Abstract: The current baseline scenario is for positive, albeit slower, economic growth of 2.1% in 2019. However, given the risk of further international tensions, it is useful to consider how the economy might fare under a potential materialization of more adverse circumstances. In order to do so, two relatively low probability stress scenarios are modelled. The first consists of weaker global and European growth, as well as a sharp increase in oil prices, while the second amplifies these effects and adds a major financial shock of a similar magnitude to the one that triggered the sovereign debt crisis almost a decade ago. In the first risk scenario, it is estimated that Spanish growth would fall to 1.8% in 2019, resulting from weaker exports and a slower pace of job creation and consumer spending. While the economy would see a more dramatic reduction in growth in 2020, a tepid recovery would follow in 2021. In the extreme risk scenario, which adds to the previous one a financial shock, the economy would enter a recession in 2019. It would begin to stabilise in 2020, with moderate growth returning in 2021. Significantly, there would be a rise in public borrowings over the entire projection period, peaking at 105.7% of GDP, a record high. However, the overall impact would be less severe than experienced in the sovereign debt crisis, due to the stronger financial health of Spain’s private sector and the absence of any evidence of a bubble nor of credit propping up present employment levels. Despite an overall improved resilience, Spain has reduced capacity to deploy fiscal stimulus in response to shocks. Another vulnerability is the high level of oil dependency under the current energy model.

Introduction
Following five years of growth since the start of the recovery, the Spanish economy’s fundamentals remain relatively solid. While observers expect the pace of growth will slow, the expansion has not generated imbalances in the private sector nor are there domestic indicators that suggest growth is likely to completely stall. In our baseline scenario, GDP is forecast to grow by 2.1% in 2019, slowing gradually in subsequent years as it converges towards its level of potential output growth (Table 1). As a result, unemployment and public borrowing -the key imbalances in the Spanish economy- should continue to shrink. Spain is expected to continue to record a trade surplus throughout the projection period, albeit smaller than in recent years.
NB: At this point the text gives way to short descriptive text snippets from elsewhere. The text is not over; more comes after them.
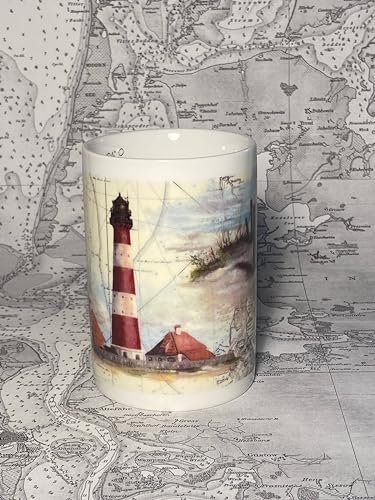 Thomas Kubitz Fine Art Porzellantasse mit Leuchtturm Westerheversand mit Meerblick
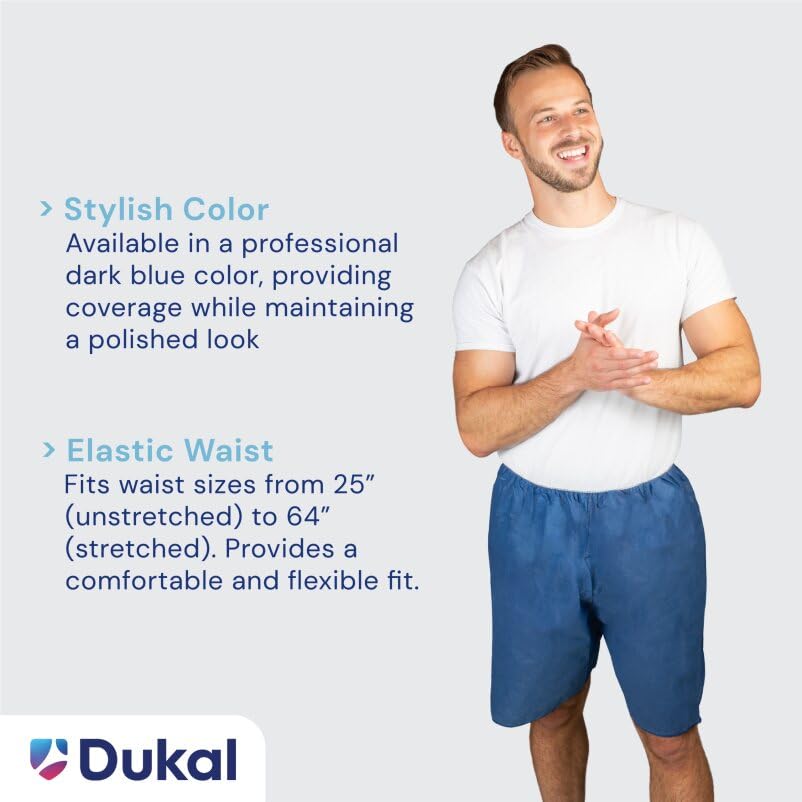 Dukal Patient Exam Wear, Short, Non-Sterile, Unisize, Dark Blue (5 Bags/Case 10 Bag) (Pack of 50)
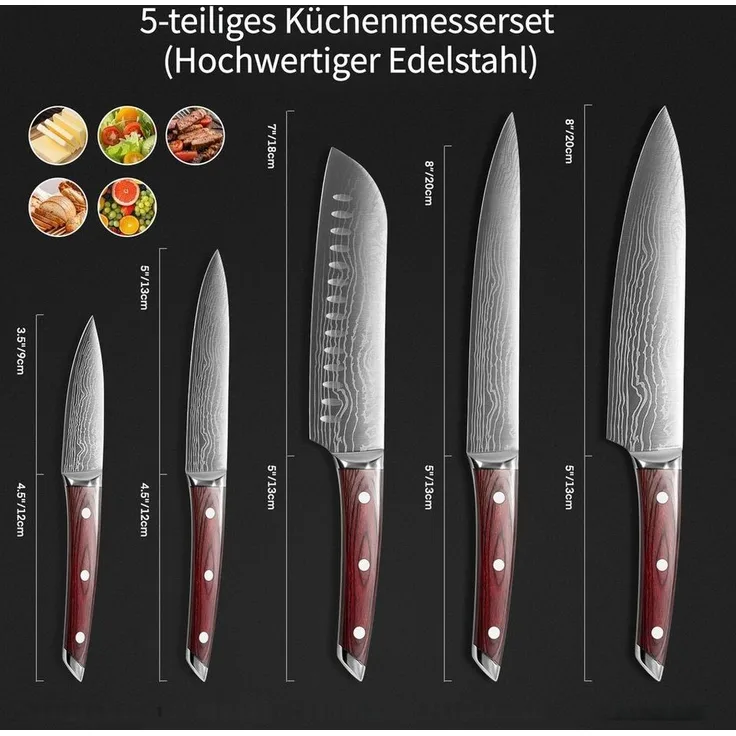 FOHERE Messer-Set 5-teilig Ultra Scharfes Küchenmesser Set, mit Geschenkbox (5-tlg)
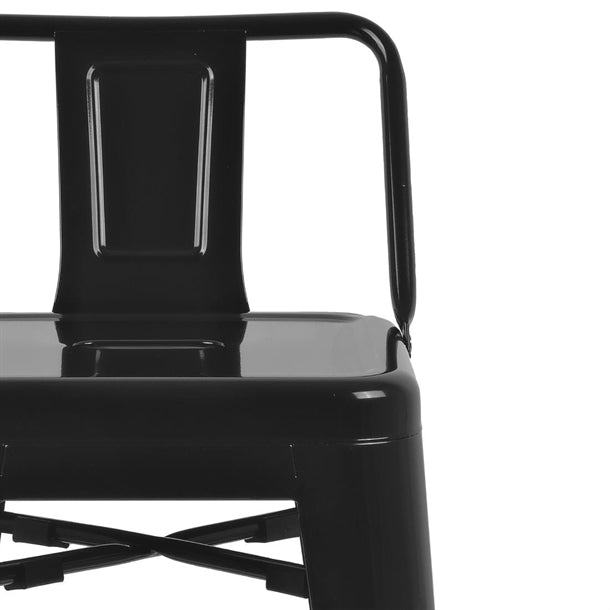 Bolero Black Steel Bistro High Stool with Backrest (Pack 4)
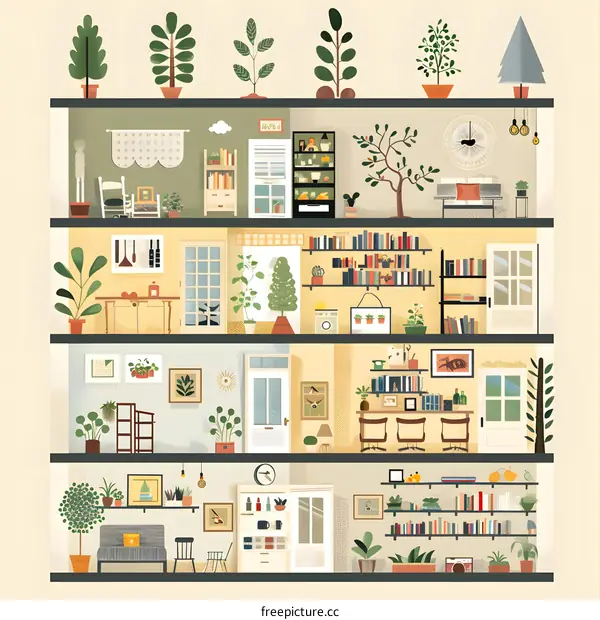 Cross Section of a Home with Many Plants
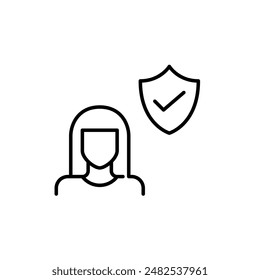 Male user, shield and checkmark. Secure internet practices. Cyber security and safe online interactions. Pixel perfect icon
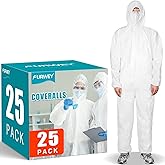 FURWEY 25Pack Hazmat Suits Disposable Protective Coveralls, Sizes M-4XL | Hooded Heavy Duty Full Body Painters Suit for Men &amp; Women with Elastic Wrists, Ankles and Hood- Breathable &amp; Waterproof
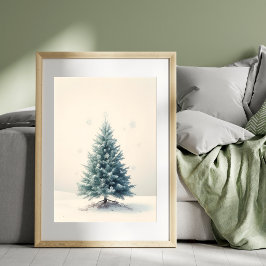 Poster Cartaz de Árvore de Natal de Pinheiro Vintage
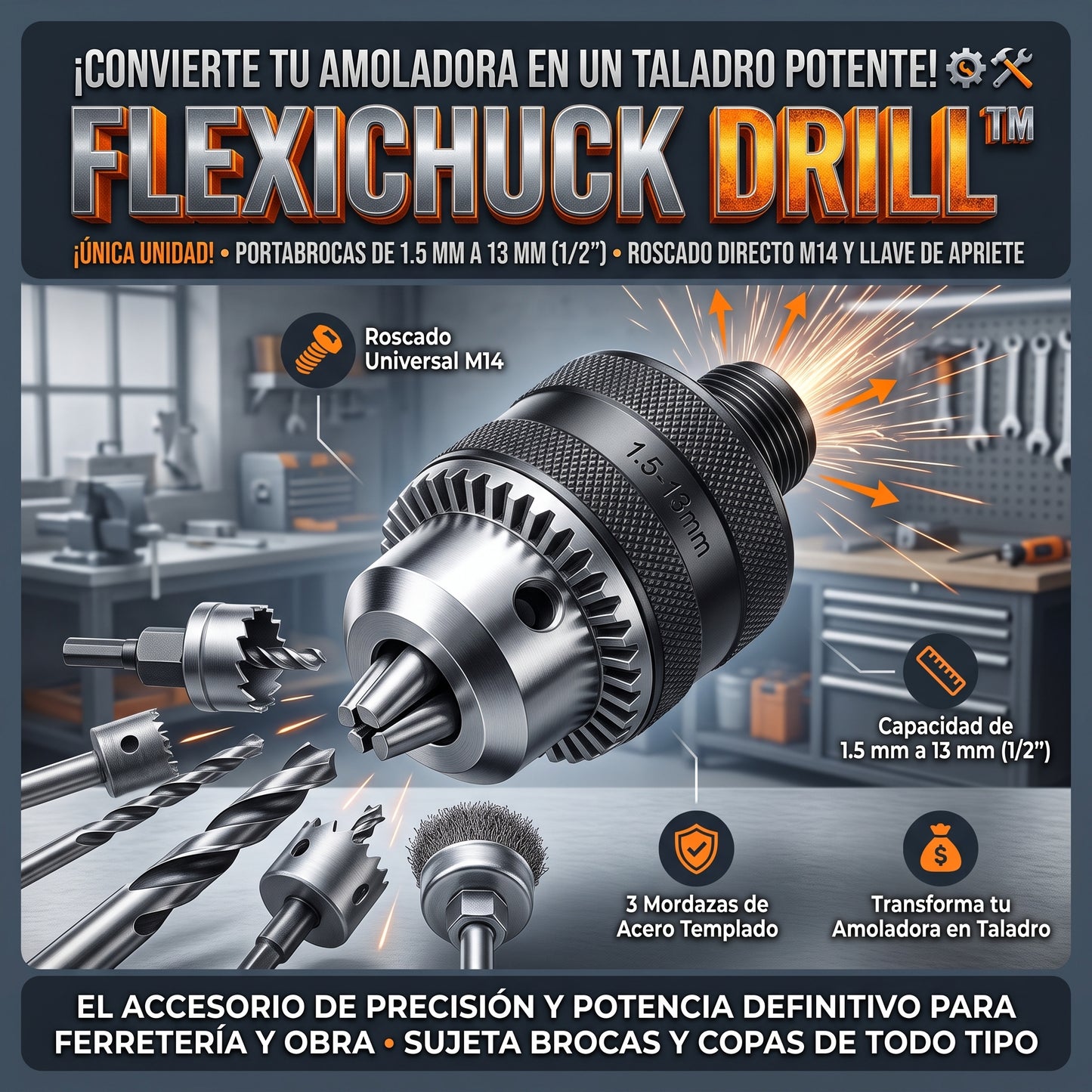 FlexiChuck Drill™ Mandril Adaptador de Taladro para Amoladora Angular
However, these forecasts are based on the assumption of a stable external environment, marked by continued but slowing global growth (higher than during the years of crisis) and historically low interest rates. The purpose of this paper is to assess how the Spanish economy would perform if the international context and/or financial conditions were to prove less benign. [1] Firstly, we analyse the impact of weaker growth on the global and European economies and an increase in oil prices. For that risk scenario, we take the most pessimistic forecasts for international trade and oil prices, which would constitute a trade shock. Secondly, to model a scenario of heightened risk, we layer a financial shock onto the trade shock scenario. The financial shock is approximated by an increase in interest rates and risk premia of a similar magnitude to that which triggered the sovereign debt crisis in 2010-2012. Lastly, the article draws from the analysis some considerations about the Spanish economy’s strengths and weaknesses.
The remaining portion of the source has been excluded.